What Is dbt?
dbt (data build tool) is an open-source framework that enables data engineers and analysts to define data transformation logic as SQL SELECT statements — called models — that dbt compiles into DDL/DML and executes on a connected data platform. dbt handles the boilerplate of table/view creation, dependency ordering, incremental update logic, test execution, and documentation generation — allowing practitioners to focus on transformation logic rather than infrastructure plumbing.
In the data lakehouse context, dbt is the standard tool for the Transform step of the ELT pattern: raw data is loaded into Bronze Iceberg tables by ingestion pipelines (Flink, Airbyte, Spark batch jobs), and dbt models define the transformations that produce Silver (cleansed) and Gold (aggregated) Iceberg tables. dbt models are version-controlled SQL files — bringing software engineering practices (version control, CI/CD, peer review, automated testing) to data transformation.

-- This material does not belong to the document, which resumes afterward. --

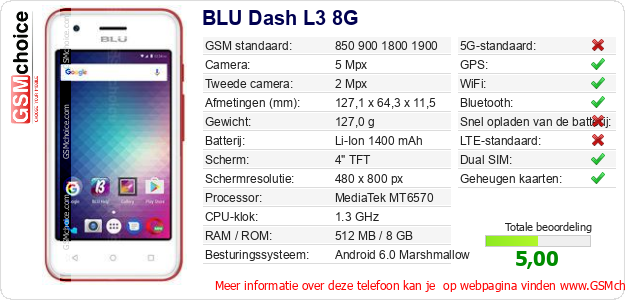 BLU Dash L3 8G Technische gegevens BLU Dash L3 8G Technische gegevens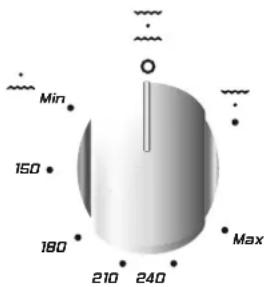 Min 150 180 210 240 Max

dbt Model Types and Iceberg Materialization
dbt provides four model materialization types, each mapping to different Iceberg operations:
- view: Creates an Iceberg view (or VDS in Dremio) — no data storage, query runs against base tables at query time
- table: Creates a full Iceberg table on each run — rewrites all data from scratch. Correct for small models; expensive for large tables.

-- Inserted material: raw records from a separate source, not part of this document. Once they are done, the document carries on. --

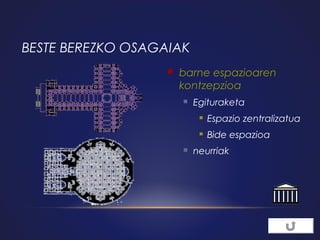 BESTE BEREZKO OSAGAIAK


barne espazioaren
kontzepzioa


Egituraketa





Espazio zentralizatua
Bide espazioa

neurriak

- incremental: On first run, creates the full table. On subsequent runs, processes only new records and merges them into the existing table using MERGE INTO or INSERT OVERWRITE PARTITION — the most important materialization type for Silver and Gold lakehouse tables
- ephemeral: Compiles to a CTE, not a stored table — used for intermediate transformation logic within a model

dbt Testing and Documentation for Lakehouse Quality
dbt's built-in testing framework is one of its most valuable features for lakehouse data quality governance:
Built-in tests: not_null (column has no null values), unique (column has no duplicate values), accepted_values (column contains only expected categorical values), relationships (foreign key integrity between tables)
Custom tests: SQL-based tests for domain-specific business rules (revenue_amount > 0, order_date <= current_date)

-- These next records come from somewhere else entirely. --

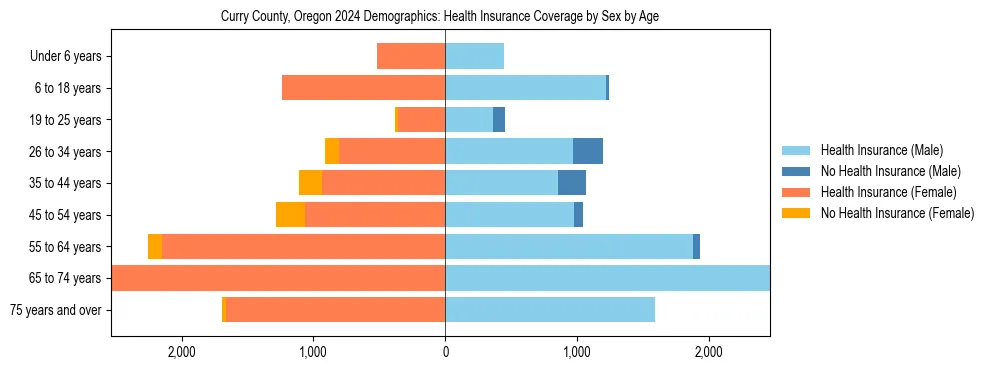 Pyramid chart showing health insurance coverage by age and sex in Curry County, Oregon.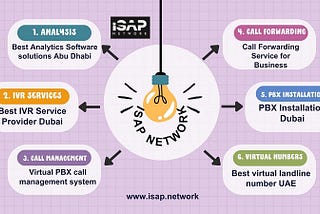 Virtual PBX call management system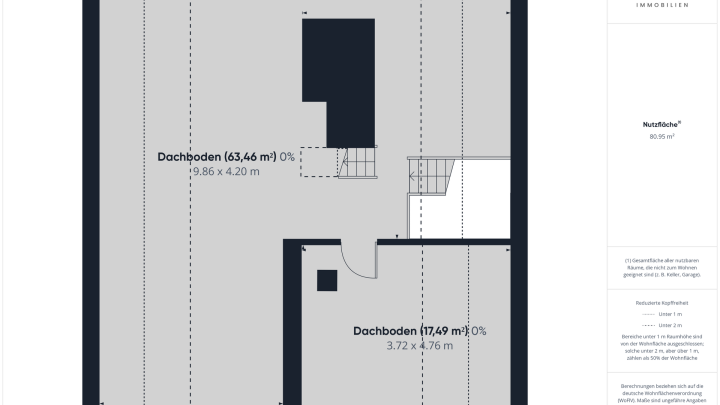 Einfamilienhaus mit Scheune und Ausbaupotenzial in Marpingen-Urexweiler!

dbt's documentation auto-generation produces a browsable, searchable website showing all models, their SQL logic, column descriptions, test results, and an interactive lineage DAG showing how models depend on each other. This documentation is ingestible by OpenMetadata and DataHub for catalog-level lineage.

Summary
dbt is the SQL transformation standard for the modern data lakehouse — providing version-controlled, tested, documented transformation models that produce Silver and Gold Iceberg tables from Bronze raw data. Through adapters for Dremio (dbt-dremio), Spark (dbt-spark), and Trino (dbt-trino), dbt integrates with every major lakehouse execution engine — bringing software engineering discipline to data transformation and making data quality testing a first-class part of the ELT pipeline.